Why bother packing anything? I have about 6 packages from Banana Republic, J. Peterman, Gap and Target awaiting me upon my arrival. Don't really need any clothes then. There's a Target (and a mall) a mere 90 minute drive from my parents' house, and if I am really desperate there's a Super Walmart 10 minutes in the other direction. I left some sneakers in the basement of my parents house for when we go for walks, I can borrow a jacket from my mom, and honestly, I only need a pair or two of jeans because I am gonna get filthy dirty running around and playing with PUPPIES all day. (My brother is getting a new puppy and one for a friend.

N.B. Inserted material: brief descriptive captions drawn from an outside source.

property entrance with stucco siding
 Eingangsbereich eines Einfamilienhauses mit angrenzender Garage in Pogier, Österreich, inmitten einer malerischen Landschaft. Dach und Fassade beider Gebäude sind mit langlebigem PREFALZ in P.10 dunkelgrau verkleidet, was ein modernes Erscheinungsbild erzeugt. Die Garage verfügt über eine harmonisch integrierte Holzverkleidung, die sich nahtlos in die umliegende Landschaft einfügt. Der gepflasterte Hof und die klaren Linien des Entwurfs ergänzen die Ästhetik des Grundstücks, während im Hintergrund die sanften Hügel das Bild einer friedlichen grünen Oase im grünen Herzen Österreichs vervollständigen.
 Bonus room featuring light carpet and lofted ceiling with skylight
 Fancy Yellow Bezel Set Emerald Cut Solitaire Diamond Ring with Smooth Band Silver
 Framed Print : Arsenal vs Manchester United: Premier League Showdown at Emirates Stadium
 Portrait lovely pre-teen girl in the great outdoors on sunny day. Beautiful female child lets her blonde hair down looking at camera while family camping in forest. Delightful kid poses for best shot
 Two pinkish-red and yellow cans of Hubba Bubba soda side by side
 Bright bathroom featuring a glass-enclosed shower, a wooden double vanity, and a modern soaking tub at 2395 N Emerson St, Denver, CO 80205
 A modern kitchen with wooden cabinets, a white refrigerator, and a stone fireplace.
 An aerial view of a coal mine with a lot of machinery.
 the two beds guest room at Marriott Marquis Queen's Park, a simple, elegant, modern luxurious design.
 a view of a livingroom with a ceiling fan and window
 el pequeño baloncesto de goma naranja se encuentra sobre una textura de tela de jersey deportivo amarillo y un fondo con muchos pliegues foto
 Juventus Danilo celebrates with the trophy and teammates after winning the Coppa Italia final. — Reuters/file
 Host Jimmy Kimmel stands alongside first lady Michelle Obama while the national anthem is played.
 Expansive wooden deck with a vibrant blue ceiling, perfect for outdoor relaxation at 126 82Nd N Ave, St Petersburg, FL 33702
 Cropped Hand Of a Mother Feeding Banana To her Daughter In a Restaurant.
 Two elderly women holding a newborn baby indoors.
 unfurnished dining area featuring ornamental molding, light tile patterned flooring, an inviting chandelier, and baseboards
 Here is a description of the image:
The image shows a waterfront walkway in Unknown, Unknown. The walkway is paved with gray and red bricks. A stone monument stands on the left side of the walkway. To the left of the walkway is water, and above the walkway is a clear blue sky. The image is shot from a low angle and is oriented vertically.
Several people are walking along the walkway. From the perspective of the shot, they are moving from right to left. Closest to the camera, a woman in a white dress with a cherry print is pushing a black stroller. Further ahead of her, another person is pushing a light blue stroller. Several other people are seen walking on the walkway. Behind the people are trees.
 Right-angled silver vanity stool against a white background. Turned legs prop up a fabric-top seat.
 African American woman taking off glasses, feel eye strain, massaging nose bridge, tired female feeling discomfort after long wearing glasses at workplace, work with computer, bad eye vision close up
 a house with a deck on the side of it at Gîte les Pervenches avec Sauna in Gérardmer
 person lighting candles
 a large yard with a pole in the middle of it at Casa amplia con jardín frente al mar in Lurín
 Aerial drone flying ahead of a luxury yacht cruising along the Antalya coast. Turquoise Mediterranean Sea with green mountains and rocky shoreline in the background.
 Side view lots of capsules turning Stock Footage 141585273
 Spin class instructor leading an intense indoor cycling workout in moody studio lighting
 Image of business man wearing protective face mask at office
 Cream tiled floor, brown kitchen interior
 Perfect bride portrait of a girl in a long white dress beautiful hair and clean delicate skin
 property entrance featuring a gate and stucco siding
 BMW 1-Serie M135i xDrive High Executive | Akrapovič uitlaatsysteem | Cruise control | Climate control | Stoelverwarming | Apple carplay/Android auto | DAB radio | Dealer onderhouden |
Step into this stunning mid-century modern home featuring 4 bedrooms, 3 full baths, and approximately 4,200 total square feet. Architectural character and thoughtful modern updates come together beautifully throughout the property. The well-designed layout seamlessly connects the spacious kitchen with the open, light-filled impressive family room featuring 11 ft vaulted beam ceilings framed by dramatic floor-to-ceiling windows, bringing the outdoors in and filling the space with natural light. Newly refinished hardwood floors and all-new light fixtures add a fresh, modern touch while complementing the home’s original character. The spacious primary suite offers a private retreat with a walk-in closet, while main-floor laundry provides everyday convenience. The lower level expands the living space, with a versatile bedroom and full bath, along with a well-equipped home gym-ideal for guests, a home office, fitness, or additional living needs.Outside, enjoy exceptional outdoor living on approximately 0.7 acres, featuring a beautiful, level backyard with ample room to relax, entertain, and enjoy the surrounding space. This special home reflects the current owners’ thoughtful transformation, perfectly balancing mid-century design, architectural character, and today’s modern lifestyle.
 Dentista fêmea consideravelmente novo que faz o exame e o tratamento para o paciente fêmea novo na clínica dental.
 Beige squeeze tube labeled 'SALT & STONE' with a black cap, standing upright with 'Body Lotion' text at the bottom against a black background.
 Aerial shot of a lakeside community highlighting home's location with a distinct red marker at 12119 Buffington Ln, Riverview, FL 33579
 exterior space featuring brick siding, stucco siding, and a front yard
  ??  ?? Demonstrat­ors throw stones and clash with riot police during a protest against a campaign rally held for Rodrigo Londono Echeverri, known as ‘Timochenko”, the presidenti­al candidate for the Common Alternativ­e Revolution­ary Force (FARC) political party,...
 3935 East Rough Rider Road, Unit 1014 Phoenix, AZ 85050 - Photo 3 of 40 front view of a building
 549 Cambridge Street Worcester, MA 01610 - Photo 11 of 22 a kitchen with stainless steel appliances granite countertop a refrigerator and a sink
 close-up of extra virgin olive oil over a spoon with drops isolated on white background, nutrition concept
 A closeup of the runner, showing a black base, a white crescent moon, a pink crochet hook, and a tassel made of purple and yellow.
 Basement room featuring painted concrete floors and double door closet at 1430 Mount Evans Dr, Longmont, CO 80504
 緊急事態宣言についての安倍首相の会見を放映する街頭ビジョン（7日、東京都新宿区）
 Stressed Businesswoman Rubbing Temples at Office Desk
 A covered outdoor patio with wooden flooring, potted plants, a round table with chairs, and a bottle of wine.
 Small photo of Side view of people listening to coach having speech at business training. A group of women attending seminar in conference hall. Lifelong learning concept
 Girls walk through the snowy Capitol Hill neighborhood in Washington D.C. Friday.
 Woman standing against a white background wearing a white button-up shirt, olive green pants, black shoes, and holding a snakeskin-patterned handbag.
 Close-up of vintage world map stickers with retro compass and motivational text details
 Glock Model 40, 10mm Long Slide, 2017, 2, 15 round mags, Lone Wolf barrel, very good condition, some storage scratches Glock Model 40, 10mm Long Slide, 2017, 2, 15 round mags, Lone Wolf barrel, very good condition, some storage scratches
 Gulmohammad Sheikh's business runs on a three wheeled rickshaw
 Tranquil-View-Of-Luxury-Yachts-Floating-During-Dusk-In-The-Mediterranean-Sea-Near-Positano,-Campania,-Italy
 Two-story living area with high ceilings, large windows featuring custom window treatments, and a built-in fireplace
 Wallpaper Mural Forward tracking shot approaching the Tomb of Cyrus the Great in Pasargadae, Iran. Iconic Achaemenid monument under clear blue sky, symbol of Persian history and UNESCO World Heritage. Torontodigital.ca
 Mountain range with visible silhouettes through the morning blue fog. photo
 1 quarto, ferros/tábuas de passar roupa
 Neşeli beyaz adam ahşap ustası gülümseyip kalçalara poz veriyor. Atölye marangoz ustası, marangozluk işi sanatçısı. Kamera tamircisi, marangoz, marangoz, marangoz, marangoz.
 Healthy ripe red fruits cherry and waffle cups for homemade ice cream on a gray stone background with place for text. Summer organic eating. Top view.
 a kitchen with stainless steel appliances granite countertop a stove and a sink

And I get to whop the snot out of them for a whole week! Puppies are my absolute favorite thing.)
I've packed all the gifts I'm bringing in one suitcase, and some random clothes. In the other suitcase I'll toss in a few more things and then call it a day. (I need two suitcases for the trip back, dontcha know. Normally I just buy another one there, but we seem to have a glut of suitcases now, and I really just don't NEED another one.)
so. There we have it. Packed and sorted, mostly.
The main thing I need to buy in the States? Bras. For some reason, lately, Norway has been taken over by what I call the Stand Alone bra. You know, those bras that have padding or poofing or the cups that stand on their own volition? Ok, so the last thing I want is MORE breastage appearing on the front of my chest, as a 36 D verging on DD, I really don't need any 'enhancement', thank you so much. (Not unless I want to rest my chin on my tits at work.) I just want a few nice, soft, stretchy, comfy bras that support what I got without adding any oomph to an already oomphy situation. I can't find them ANYWHERE here. All the lingerie stores are filled with wall upon wall of colorful pneumatic breast holders just standing at attention to be placed on a chest, where they can then stand independent of what is underneath. Large walls of boobs. God it's horrible. All lacy and rough and scratchy and artificial. What is a girl with actual, real, live breasts supposed to WEAR? So, I am going to hit Target and wherever else HARD so I can find my normal, old fashioned, comfy yet stylish bras without any padding. It shouldn't be that hard. (Nor should the bras be, for that matter.)
Ok, 20 more minutes of random shoving things in a suitcase, except for bras, then time for dinner.
Look for tweets tomorrow, but probably no blog post for a day or so. (Not that I am all that regular about it anymore anyhow. Used to the disappointment yet?)
Oh forgot to say, gorgeous day outside, it must be 50 degrees, I have the windows open and the sun shines. Spring is close enough to taste.....and so I leave. Heh, typical.